Tomorrow my Wednesdays will change for the summer, and I am excited. Sadie's school has finished for the summer and while she has 6 weeks of camp starting later this summer, she is largely living the summer of freedom that I still relish in my memories. Swim lessons for this week and for next week. Ballet camp for a week taught by her best friend's nanny. Maybe an art class. And our beach trip. But generally, nothing stressful. And our nanny, who is was nothing short of an answer to our prayers last Fall, has her own life, her own marriage, her own long to-do lists, her own sanity to preserve too. I am thankful that she is motivated by so much more than larger paychecks for more babysitting hours. And so, I am taking Wednesday mornings and Friday afternoons and devoting them solely to Sadie this summer.

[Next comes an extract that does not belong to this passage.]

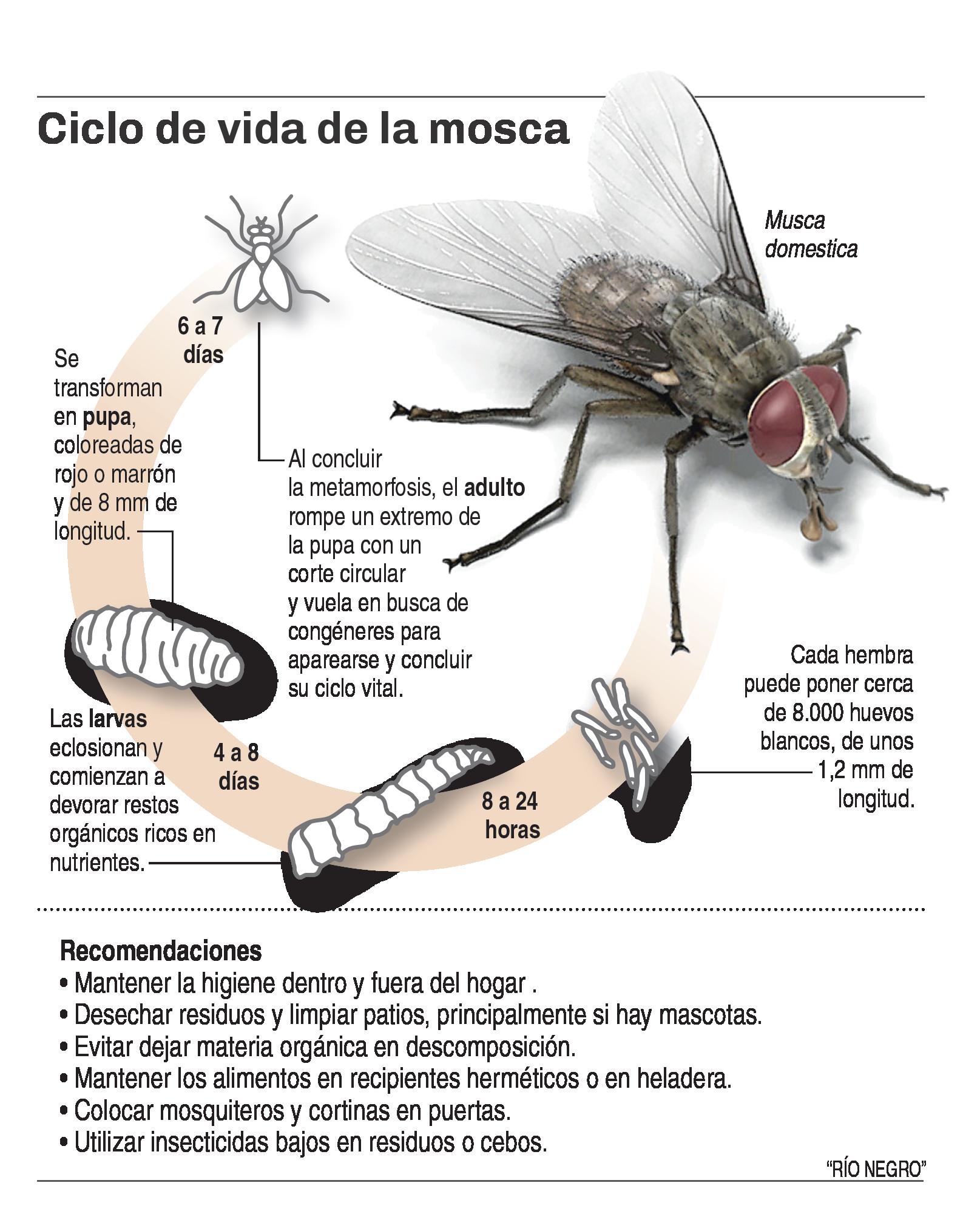 Sintético 97+ Imagen Por Que Las Moscas Vuelan En Circulo Cena Hermosa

I am excited about this honestly. While I need my own time, I have seen more and more in the past few weeks how Sadie will react to the moods that Mark and I project. She has watched the rocky rides that have pulled Mark out of town on trips twice or three times a week to visit his mom or dad and manage their heathcare issues. She has seen me worry about Daisy, worry about work, worry about the house, worry about her own ears. I have heard her say things about herself being "stressed out" or equating my stress with being super strict like my own mother was.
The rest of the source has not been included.